# ENTRIES SHOWN
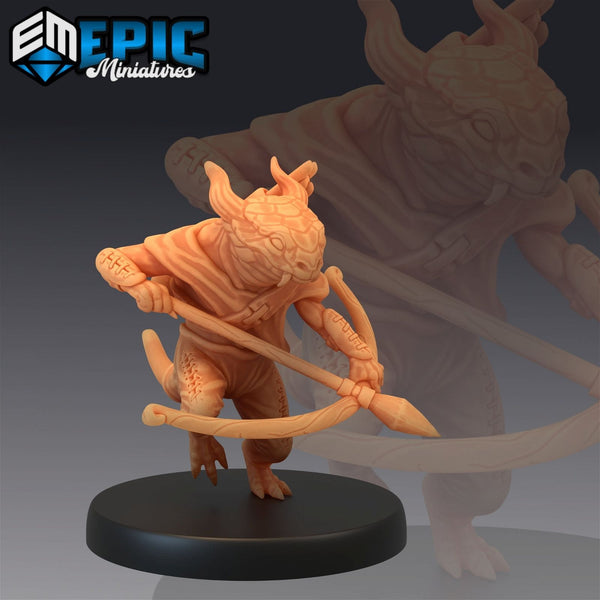 Lizardfolk - The Printable Dragon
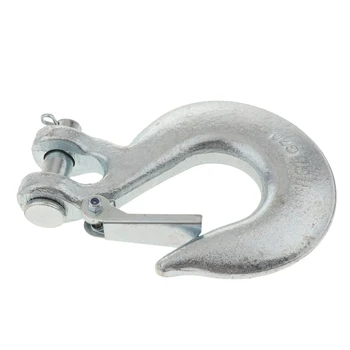 1/2 Inch Silver Half-Linked Winch Hook Tow Crane Lift w/Clevis Safety Latch for 4x4 ATV UTV 17000 Lbs Load Limit
1/2 Inch Silver Half-Linked Winch Hook Tow Crane Lift w/Clevis Safety Latch for 4x4 ATV UTV 17000 Lbs Load Limit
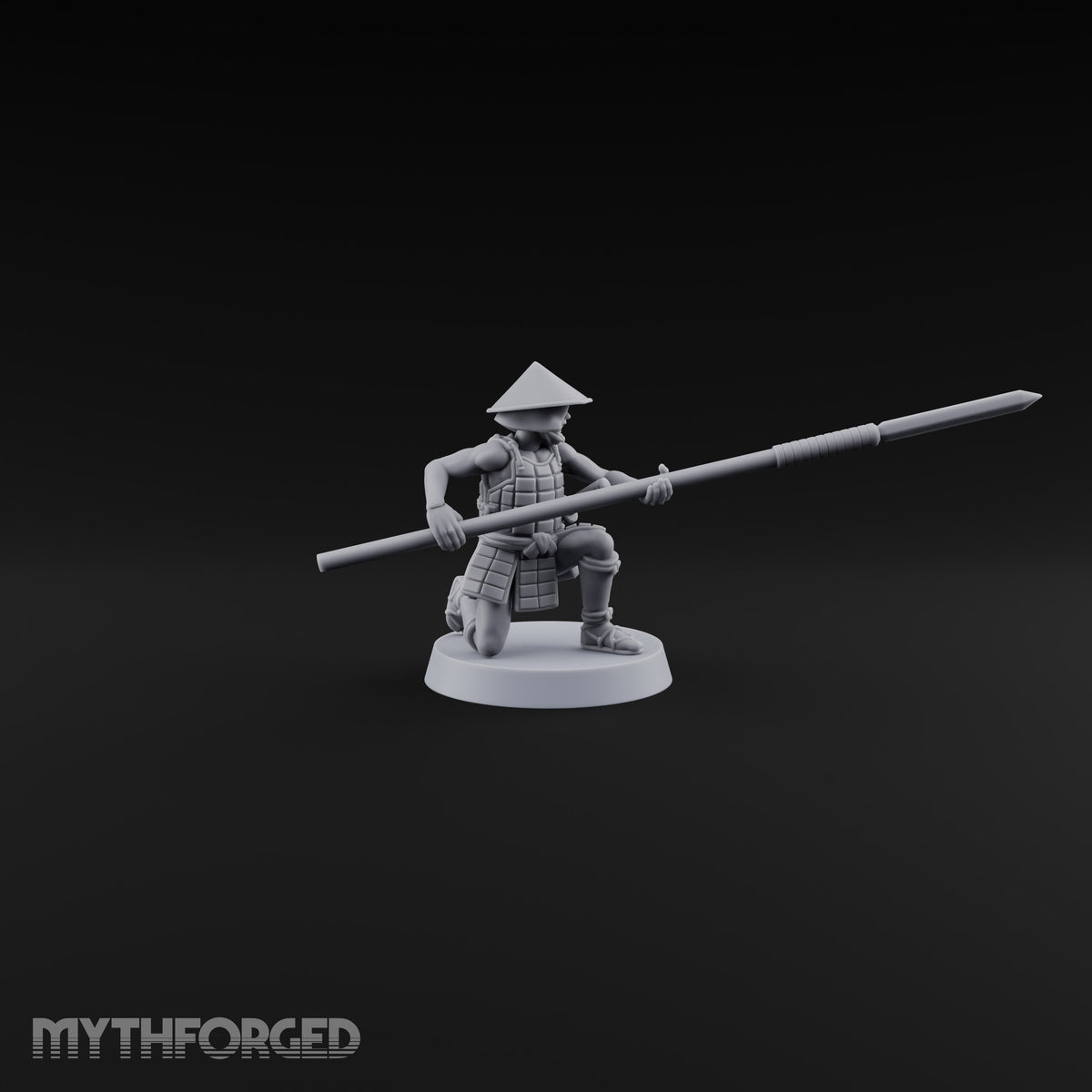 Digging In Human Ashigaru Spearmen — C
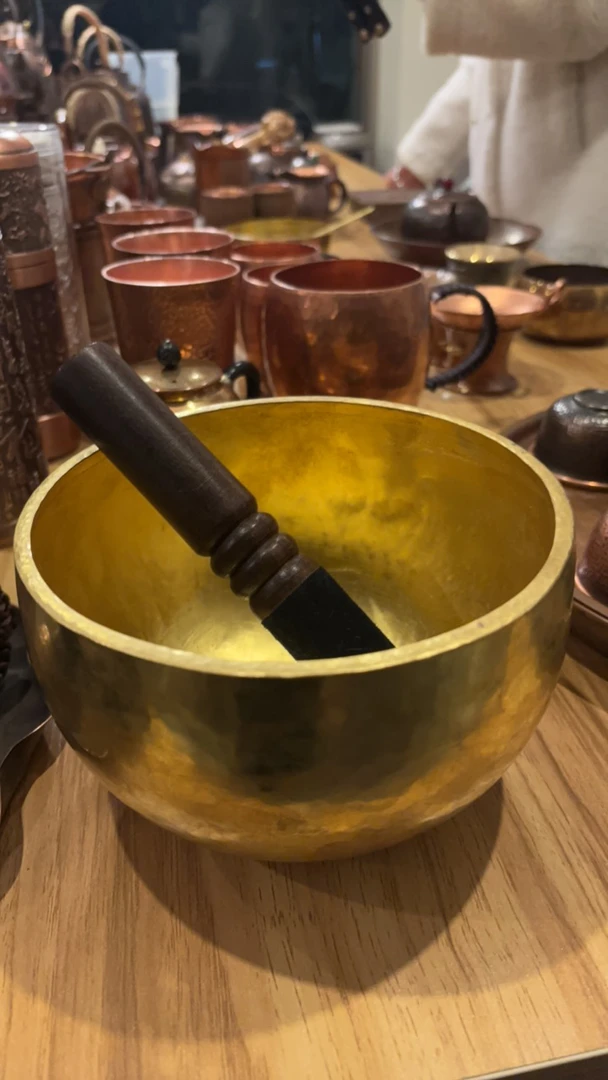 纯黄铜手工制作黄铜盆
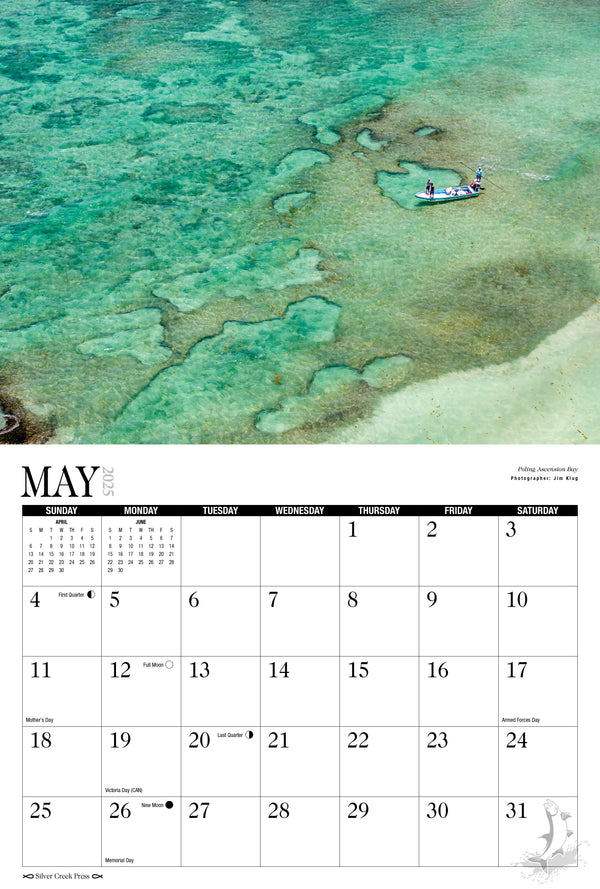 2025 Saltwater Fly Fishing Calendar - Silver Creek Press 2025-saltwater-fly-fishing-calendar-silver-creek-press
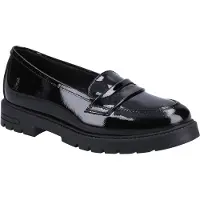 Hush puppies Hazel Patent SNR Flickors Svarta Mockasiner I Läder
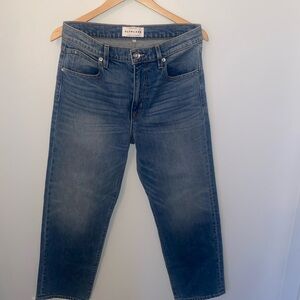 SLVRLAKE Women's Straight-Leg Jeans in Medium Wash Blue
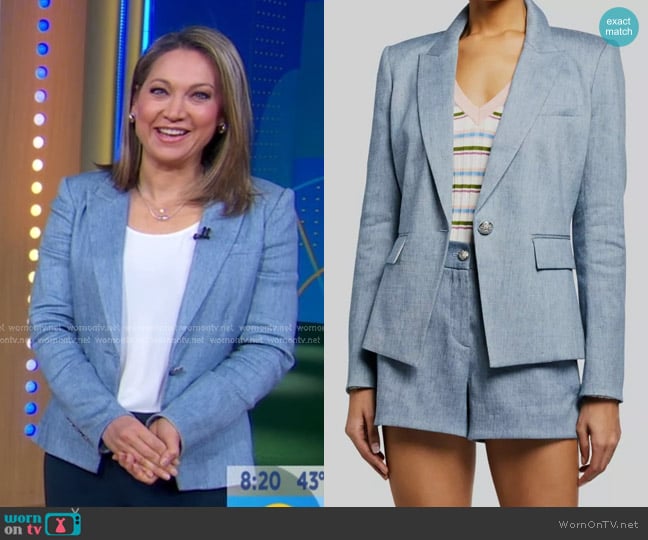 Veronica Beard Danielle Dickey Jacket worn by Ginger Zee on Good Morning America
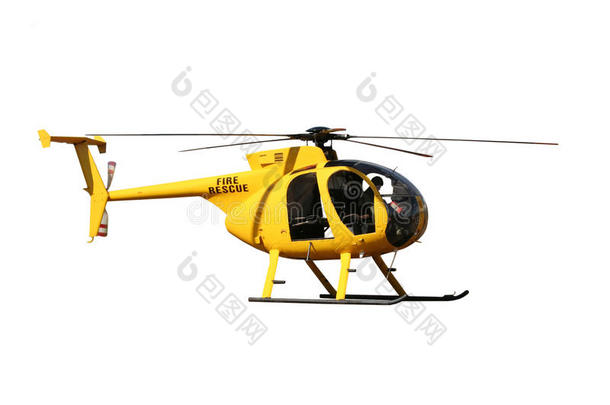 黄色消防/救援直升机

# TASK ITEM
Copy out the data above exactly, except the pictures.

# WRITTEN SOLUTION
 Lizardfolk - The Printable Dragon
 1/2 Inch Silver Half-Linked Winch Hook Tow Crane Lift w/Clevis Safety Latch for 4x4 ATV UTV 17000 Lbs Load Limit
1/2 Inch Silver Half-Linked Winch Hook Tow Crane Lift w/Clevis Safety Latch for 4x4 ATV UTV 17000 Lbs Load Limit
 Digging In Human Ashigaru Spearmen — C
 纯黄铜手工制作黄铜盆
 2025 Saltwater Fly Fishing Calendar - Silver Creek Press 2025-saltwater-fly-fishing-calendar-silver-creek-press
 Hush puppies Hazel Patent SNR Flickors Svarta Mockasiner I Läder
 SLVRLAKE Women's Straight-Leg Jeans in Medium Wash Blue
 Veronica Beard Danielle Dickey Jacket worn by Ginger Zee on Good Morning America
 黄色消防/救援直升机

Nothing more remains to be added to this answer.